### [WORK ITEM]
Return exactly the run of lines that begins at the line containing "Farscape - Ben" and ends at the last line of the material below; pictures stay out.

### [INPUT DATA]

-----

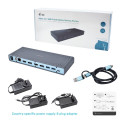 i-tec USB 3.0 / USB-C / Thunderbolt 2x 4K 1x 5K Dual Display Docking Station 2x DP 2x HDMI LAN Audio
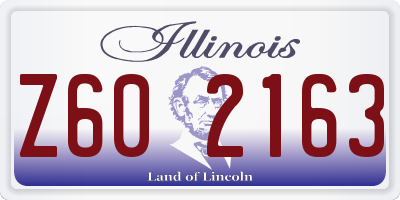 IL license plate Z602163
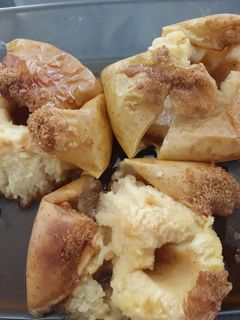 Una foto de Manzanas asadas
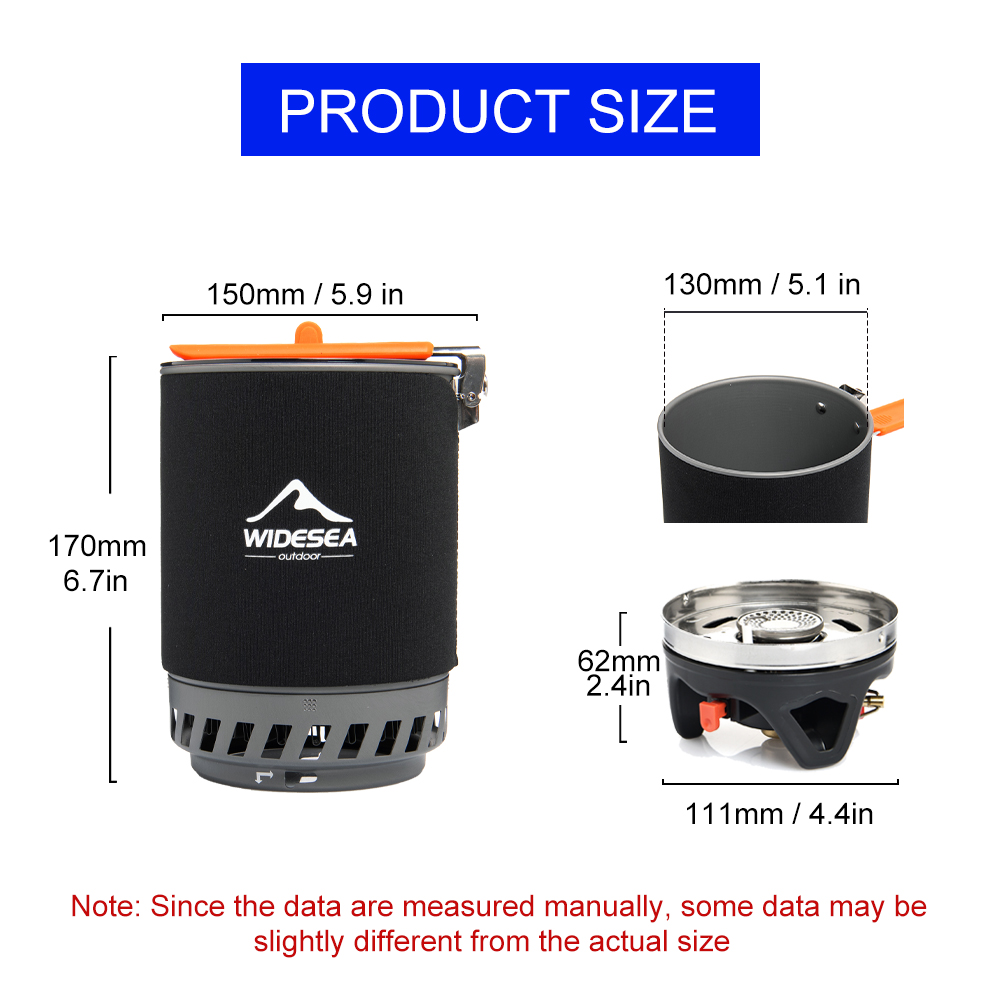 Sistem Memasak Camping Widesea - Camping Cooking Gas ulasan dan harga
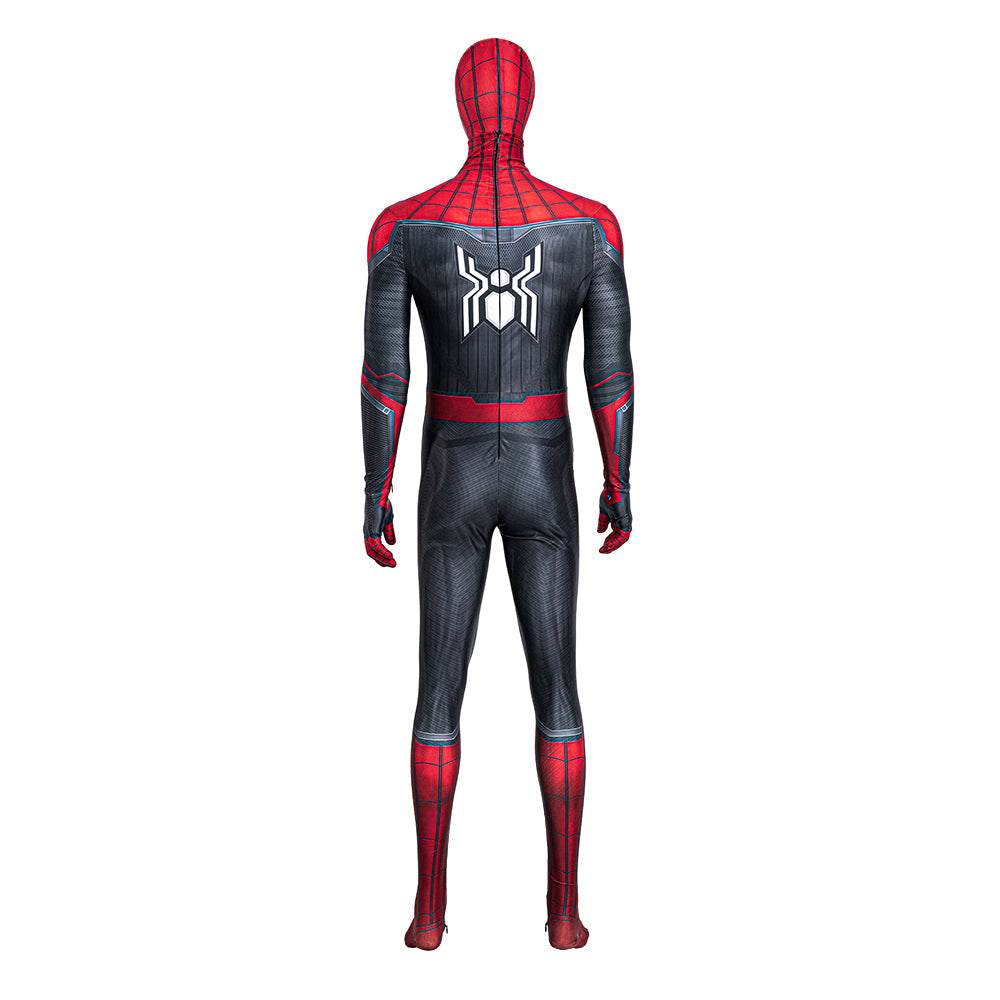 Halloweez Spider-Man Red Suit Cosplay Costume for Men - Authentic Movie Design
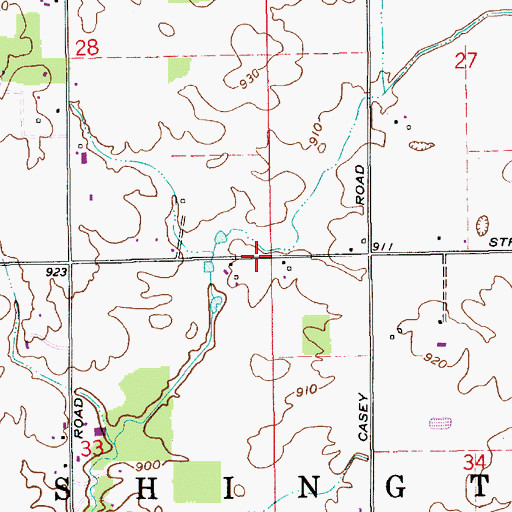 Topographic Map of School Number 6 (historical), IN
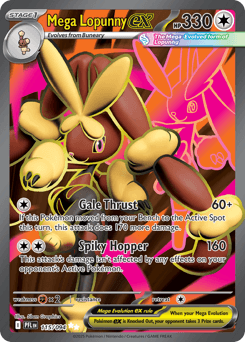 Mega Lopunny ex Phantasmal Flames card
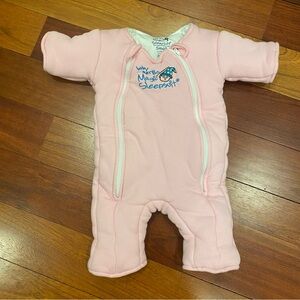 Baby Magic Sleepsuit Pink Quilted One-Piece Sleep Sack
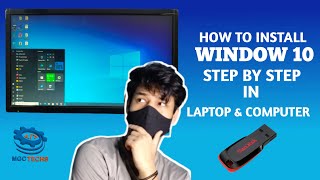 Windows 10 Installation Guide StepbyStep for Any Laptop or Computer [upl. by Yvel]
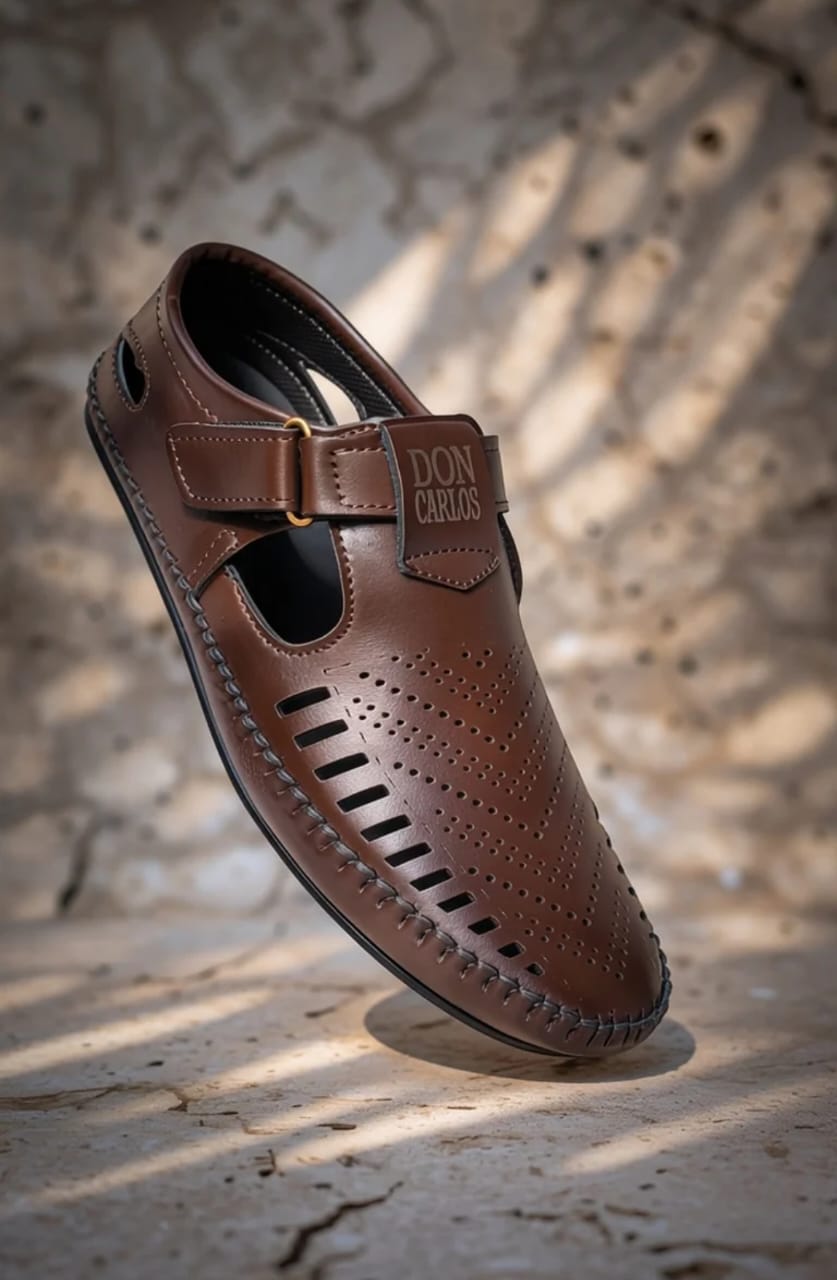 Premium Men's Summer Sandals Black | Stylish Closed Toe Casual Sandals | Lightweight Breathable Soft Sole Comfortable Daily Wear Shoes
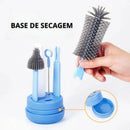 Kit Escova De Limpeza Garrafas Mamadeiras Bicos Portátil -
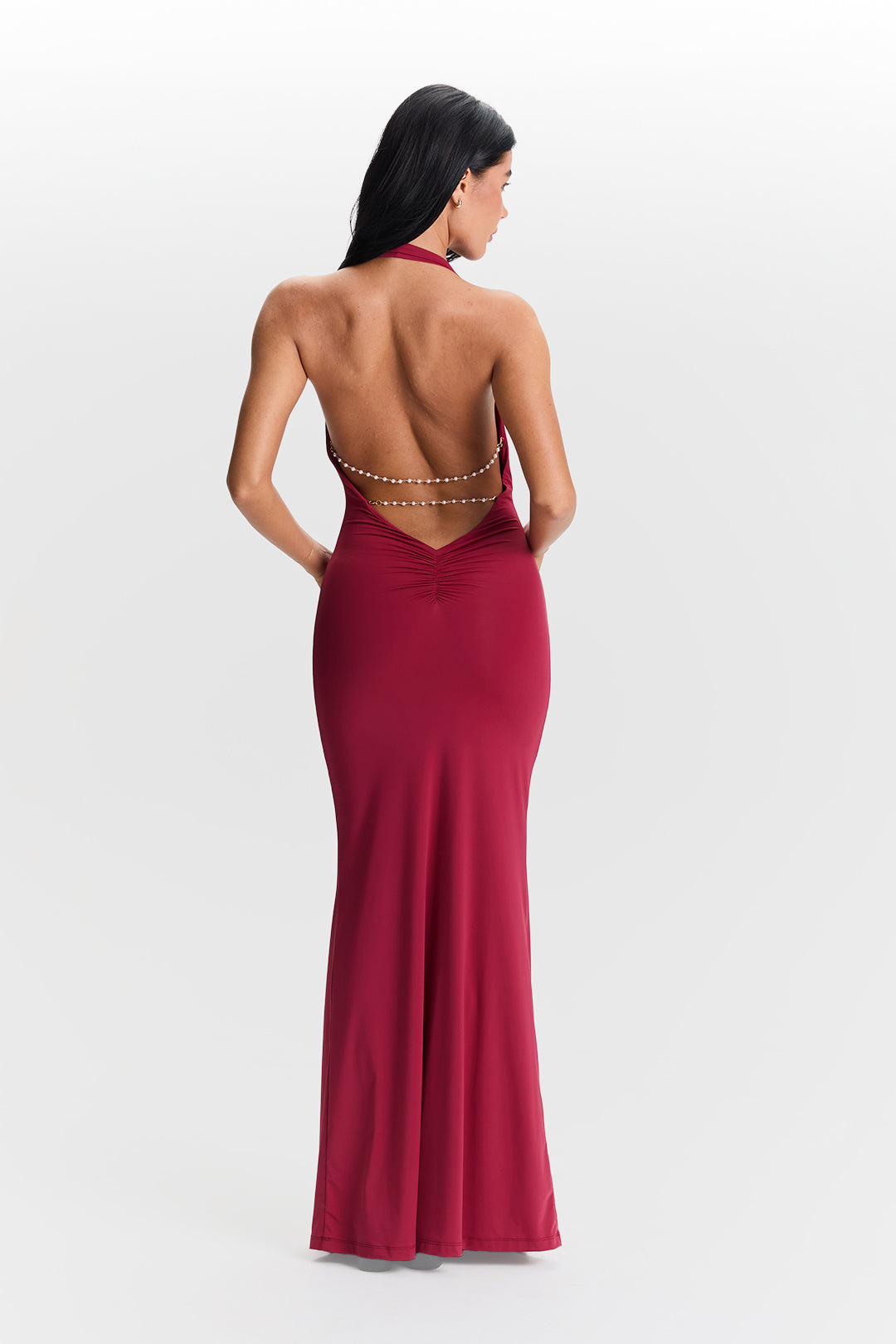 Valeria™ | Kleid mit Wasserfallausschnitt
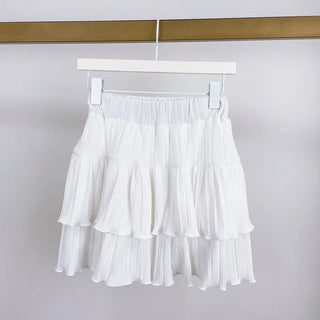 Jackie Pleated Tiered Mini Skirt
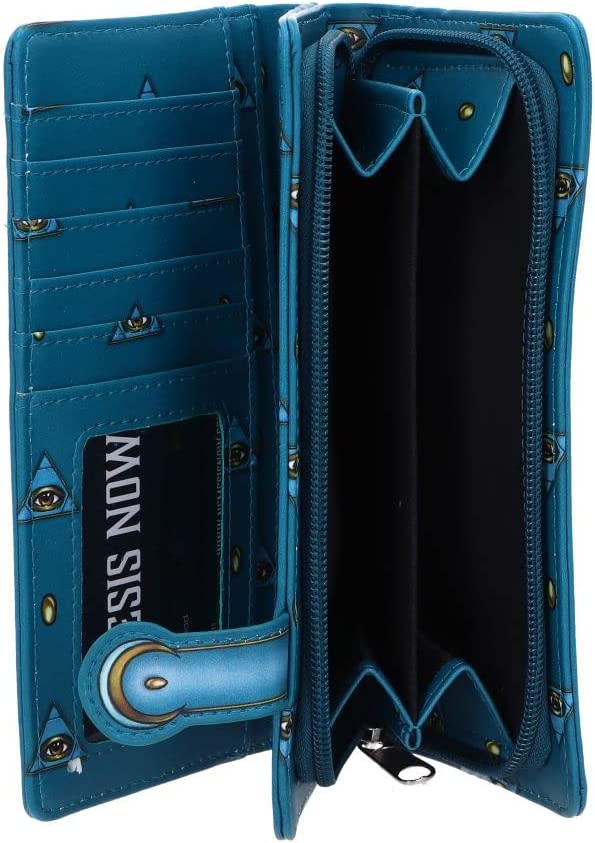 Nemesis Now Palmistry Embossed Purse 18.5cm, Polyurethane, Blue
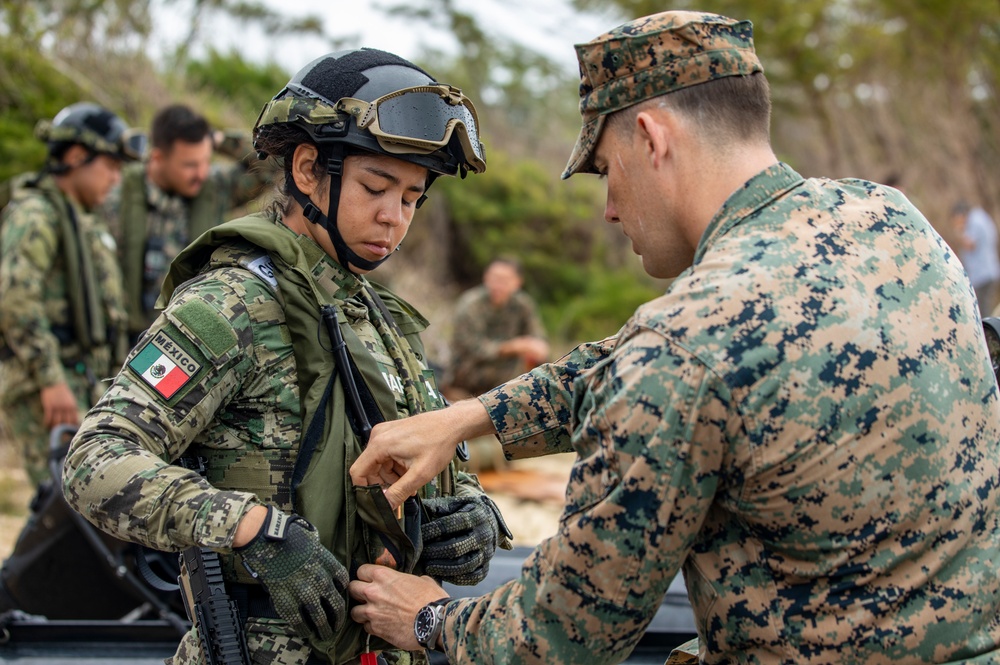 RIMPAC 2022: Mexican Naval Infantry Conducts Small Boat Training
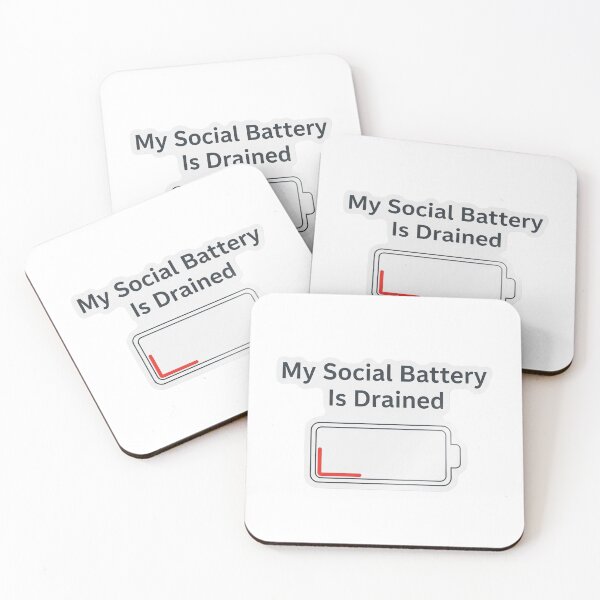 Item preview, My Social Battery Is Drained - Introvert Humor & Relatable Mood designed and sold by StickyGuys.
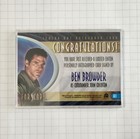 Farscape - Ben Brower - John Crichton Autograph  a1 Trading Card  rittenhouse 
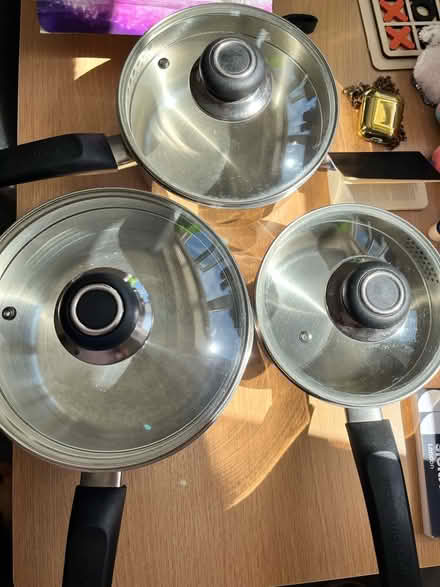 Photo of free Stainless Steel Saucepan Set (RG1) #1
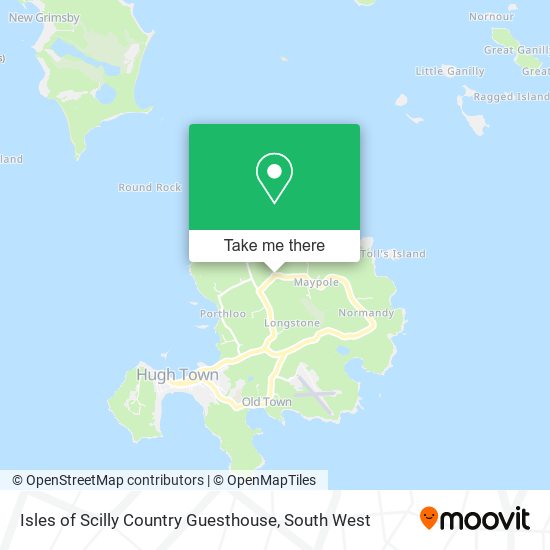 Isles of Scilly Country Guesthouse map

-----

### [ANSWER TO THIS PROBLEM]
 Farscape - Ben Brower - John Crichton Autograph  a1 Trading Card  rittenhouse 
 Photo of free Stainless Steel Saucepan Set (RG1) #1
 Isles of Scilly Country Guesthouse map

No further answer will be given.